Si je ne suis pas un fin connaisseur de la chose Blues, je sais en revanche ce qui me plaît ou pas en la matière... Autant en Jazz, il m'arrive de rester perplexe à l'écoute d'un disque, en me demandant si j'ai aimé ou pas, autant en Blues, c'est net clair et précis. C'est simple, dès qu'il y a plus de trois instrument maxi, le blues me plaît déjà moins. Un mec, une vie passée dans les champs de coton, une guitare vaguement accordée, des textes ou Diable, femmes, alcool et détresse font bon ménage (même si c'est souvent bien plus complexe que ça), et cela suffit à mon bonheur.
Sleepy John Estes fait parti de ces gars qui vous touche au plus près, à la fleur de votre peau, avec une poignée d'accords et surtout, une voix écorchée hors du commun. Je maîtrise mal, comme je l'avoue plus haut, la chose blues, et je tâtonne encore pas mal en la matière, mais Bon Dieu, que c'est bon. La maison d'édition, absolument excellente, Monk, réédite les plus grands mais aussi les plus obscurs bluesman, avec une classe et une sobriété limite fascinante. Ce qui est assez étrange à écouter, lorsque l'on écoute la chose en vinyle, c'est cette différence dans les niveaux de craquements. Il y a le craquement original, puisque les disques ont été repompés sur des disques originaux, et le craquement du pressage actuel, plus cristallin, forcément.

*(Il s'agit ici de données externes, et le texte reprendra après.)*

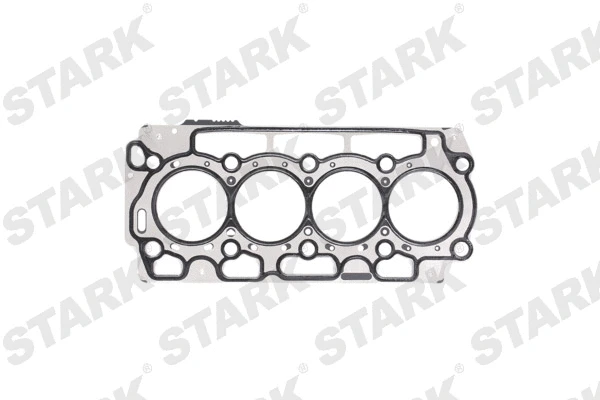Gasket, cylinder head (SKGCH-0470211)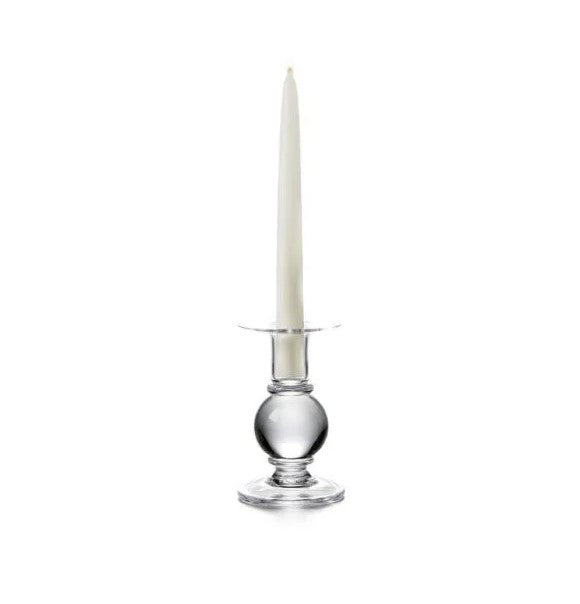 Hartland Candlestick, Small - SIMON PEARCE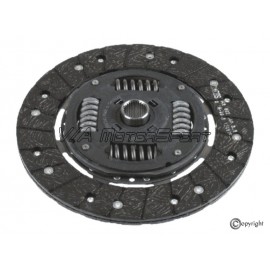 Disque d'embrayage (88-04, 228mm)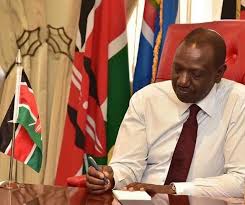 Indeed it was true, reports now say that the posh home is now in its final touches of completion. 2 Simple Reasons Why I Support William Ruto Raw Politics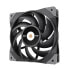 Фото #2 товара Thermaltake TOUGHFAN 12 - Fan - 12 cm - 500 RPM - 2000 RPM - 22.3 dB - 58.35 cfm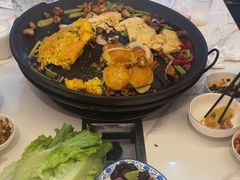 -一烙锅(友谊店)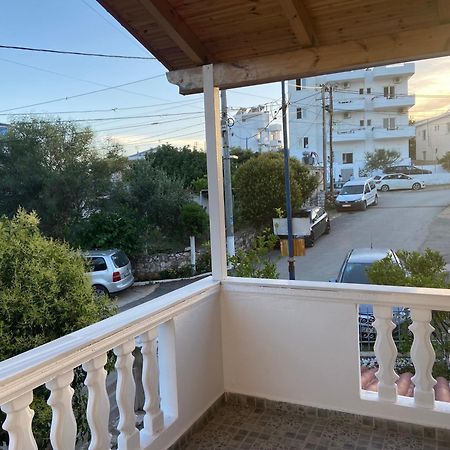 Villa Agimi Ksamil Exterior photo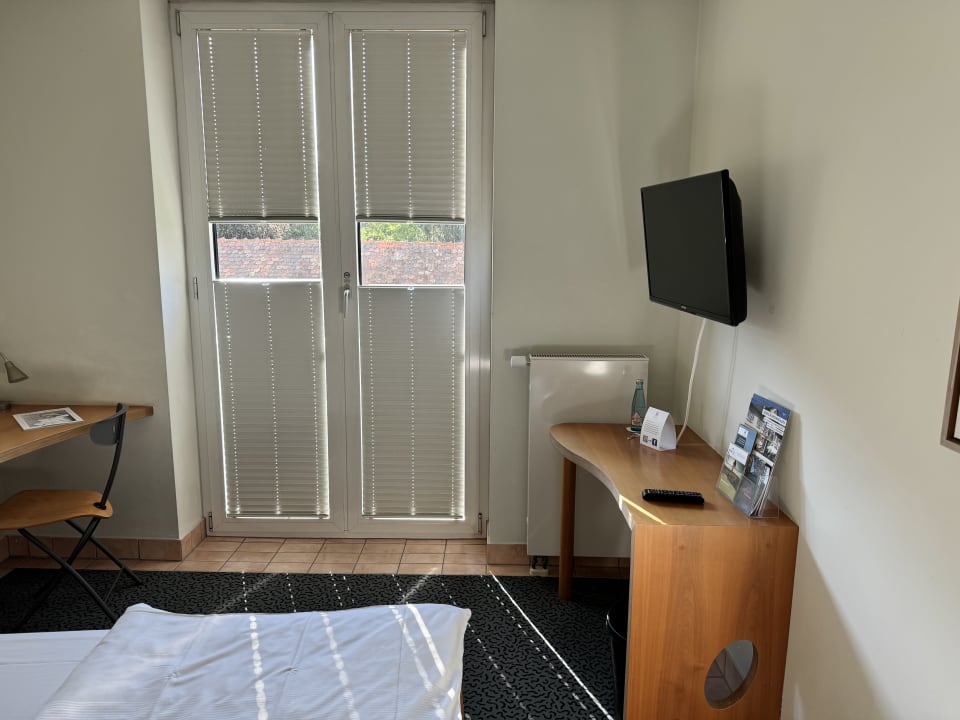 Zimmer Hotel Watthalden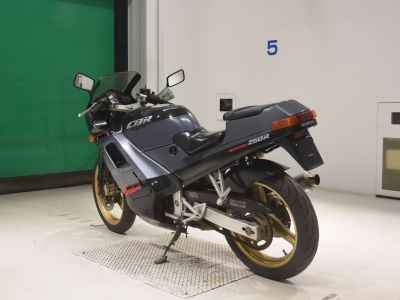 Honda CBR250R 1987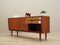 Dänisches Teak Sideboard, 1970er 7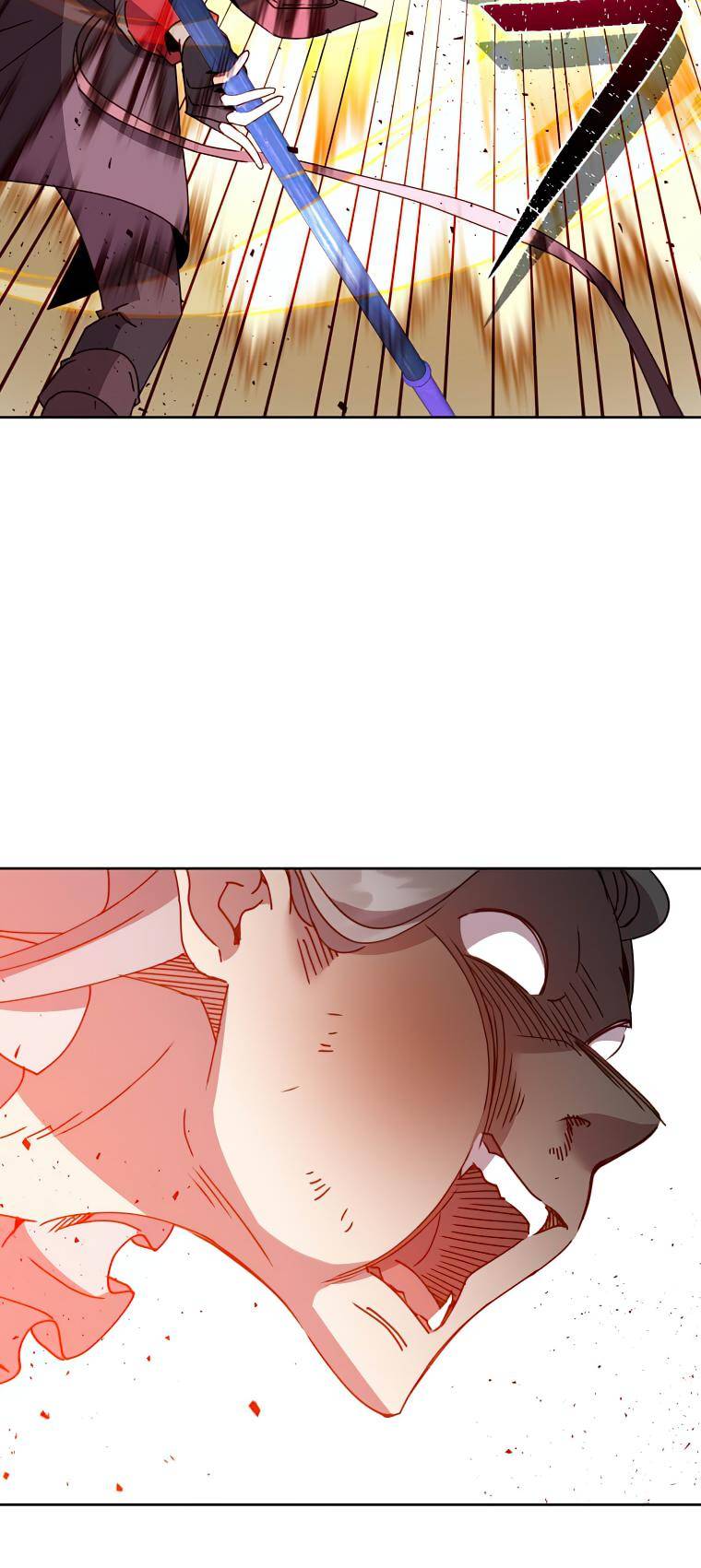 The MAX leveled hero will return! chapter 124 page 49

En attendant, Sleepy John Estes vous chante la vie comme si la sienne en dépendait, et avec une légitimité qui vous saute à la gueule, et qui fera peut-être comprendre au monde, la différence fondamentale entre un Eric Clapton ou un Poppa Chubby et un Sleepy John Estes.
Il finira sa vie aveugle, après l'avoir passé borgne, et sans un sou, mais avec des tas de trésors à son actif.
PS: Merci à Oyster pour cette sublime découverte, et pour me laisser gracieusement jouir de l'usage de sa photographie....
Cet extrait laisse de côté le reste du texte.